Monday, April 21, 2014

The Gift and Wisdom of Mentors or: don't try to be a rose when you're really a daisy!


“If you ask an Irishman for directions, he might be quick to answer, Well if I were going there, I would not start here.” 
― Steve Stockman


I was going to post pictures of all the snow in my backyard that separates me from my Magnolia  - I sunk knee deep in it trying to make a Laura Ingalls-like-trek to the far end of the garden - but then I had other thoughts.

That is the joy of having this kind of a whirling-dervish kind of mind.

Dervish



What I got to thinking about was mentors.

If we are lucky, we have mentors throughout our lives.

Fact: Mentoring positively influences productivity and job satisfaction.


They can be a friend who takes an interest in our well-being and shares a piece of what they know with us or shows us the ropes.  My friend Barbie taught me to swim the crawl at a birthday party out at the Causeway when I was a kid.

Pat Garcelon taught me early leadership through the Brownies.

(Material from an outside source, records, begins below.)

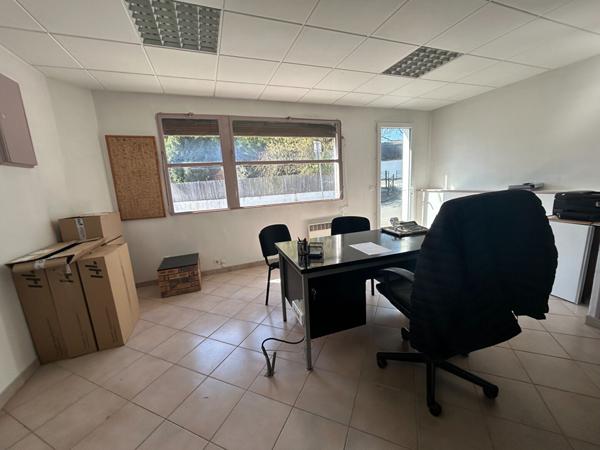 Immeuble en Pierre de Taille Centre-Ville d'Orsay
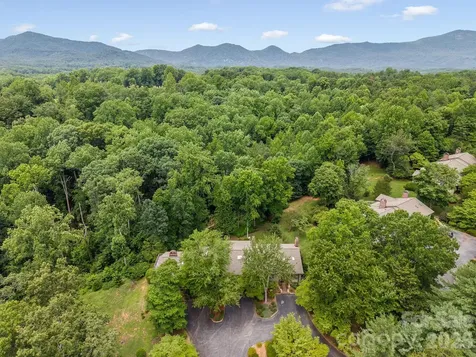 12 Hunting Country Trail Tryon NC 28782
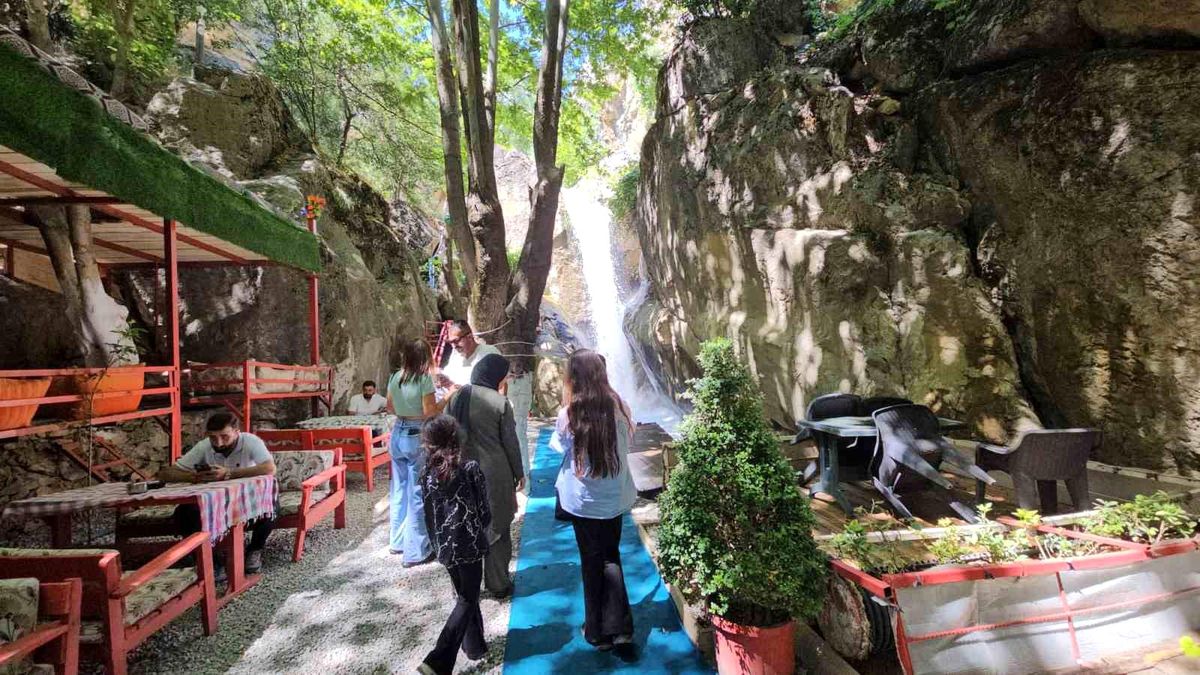 Nehri Şelalesi Yazın İlgi Odağı
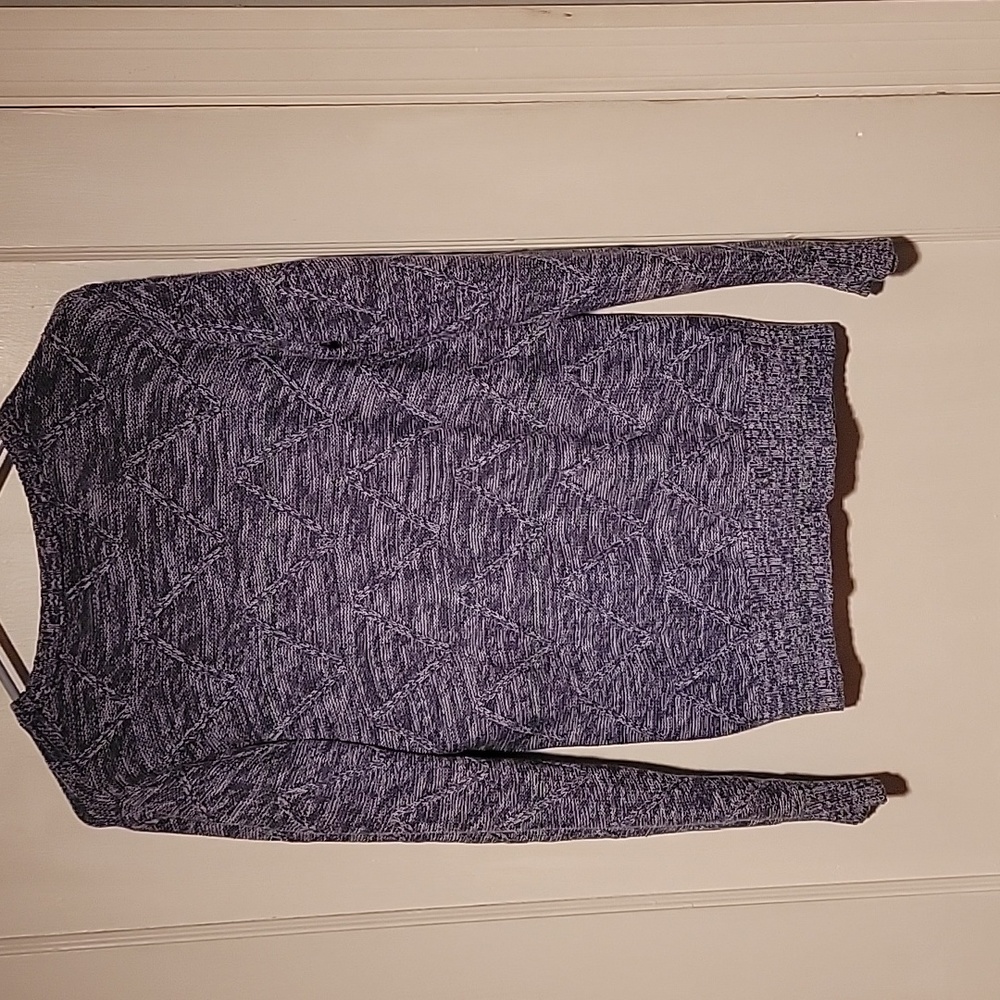 Blue and White Sweater - Picture 5 of 7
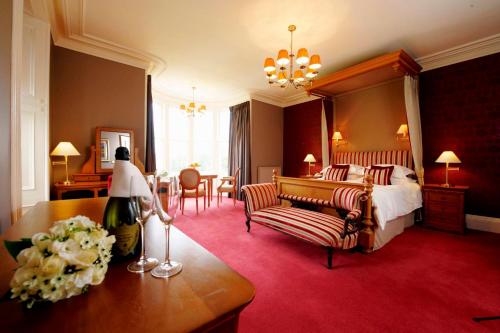 1 queen bed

Mrs. McConkey and Mrs. Garnett were two beloved teachers at St. Stephen Elementary School who never appeared to be bored when I would take them some of my writing to read, even though I am sure they often were.




My Professor and then Thesis Adviser Larry Wisniewski taught me to think critically, write better and be a smart ass.

My work colleague Gary taught me to care about the people we were working on behalf of.

Other colleagues like Martine, Jean and Geraldine shared their knowledge freely and became good personal friends.

Others further ahead gave me a hand up - Karen, Edith, Don, Dave.  And no surprise - they gave a lot of people a hand up, because that's what dyed-in-the-wool mentors do.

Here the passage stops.